Rather than focusing on new functions and new types of data, the goal is to expose you to “thinking backwards” through these problems.

Validating our calculations with simulation

Most probability calculations you’ve done are likely based on the fact that each outcome is equally likely. For example, what is the probability that you get 2 heads out of 4 (fair) coin tosses?

Each possible coin toss outcome has a chance of \(\frac{1}{2^4}\) of appearing and there are 4 choose 2 (i.e. \(\frac{4!}{2!(4-2)!} = 6\)) ways to have 2 heads appearing so this results in a probability of \(0.375\)

How could we confirm this with a simulation? Recall that the probability of an event is how frequent does it appear over repeated trials. So to confirm this calculation, we need to simulate 4 coin tosses and see what fraction result in 2 heads.
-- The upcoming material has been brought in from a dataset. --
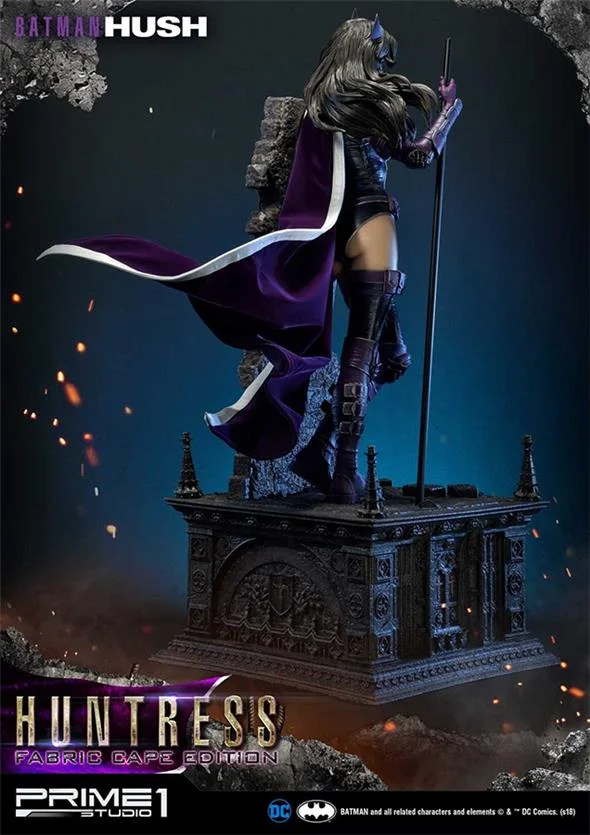 BATMAN HUSH HUNTRESS FABRIC CAPE STATUE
How to formulate the simulation?

This is where it’s best to work backwards!

We want to measure the fraction of 4 coin tosses that have 2 heads exactly.

To link these two chunks of code, we know that outcome should contain the different realizations from repeating this event. Given this is quite repetitive, hopefully you’re thinking of using a for-loop to connect the pieces.

B <- 10000
outcome <- rep(NA, B)
for(i in seq_len(B)){
    coin <- c('head', 'tail')
    tosses <- sample(coin, 4, replace=TRUE)
    num_heads <- sum(tosses == 'head')
    outcome[i] <- num_heads
mean(outcome == 2)

Exercise TBM

Testing pay inequality

There’s a common belief that there’s a pay-gap between men and women. Let’s see if we can detect it in the NYC Payroll Information in 2019, for anyone who started in Jan 2019 under the Police Department. I’ve also inferred the gender based on the first name to create a dataset here.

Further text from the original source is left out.